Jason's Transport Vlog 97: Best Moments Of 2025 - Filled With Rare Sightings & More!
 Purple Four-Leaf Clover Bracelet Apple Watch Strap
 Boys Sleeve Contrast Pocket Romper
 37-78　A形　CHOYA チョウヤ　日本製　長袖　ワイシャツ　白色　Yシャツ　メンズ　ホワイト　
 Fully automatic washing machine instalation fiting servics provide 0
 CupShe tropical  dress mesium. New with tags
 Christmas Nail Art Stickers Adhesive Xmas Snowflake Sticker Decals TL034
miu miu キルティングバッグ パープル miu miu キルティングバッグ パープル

*-*-*

# [Action item]
Give every record again, exactly as it appears.

# [Response for this exercise]
Jason's Transport Vlog 97: Best Moments Of 2025 - Filled With Rare Sightings & More!
 Purple Four-Leaf Clover Bracelet Apple Watch Strap
 Boys Sleeve Contrast Pocket Romper
 37-78　A形　CHOYA チョウヤ　日本製　長袖　ワイシャツ　白色　Yシャツ　メンズ　ホワイト　
 Fully automatic washing machine instalation fiting servics provide 0
 CupShe tropical  dress mesium. New with tags
 Christmas Nail Art Stickers Adhesive Xmas Snowflake Sticker Decals TL034
miu miu キルティングバッグ パープル miu miu キルティングバッグ パープル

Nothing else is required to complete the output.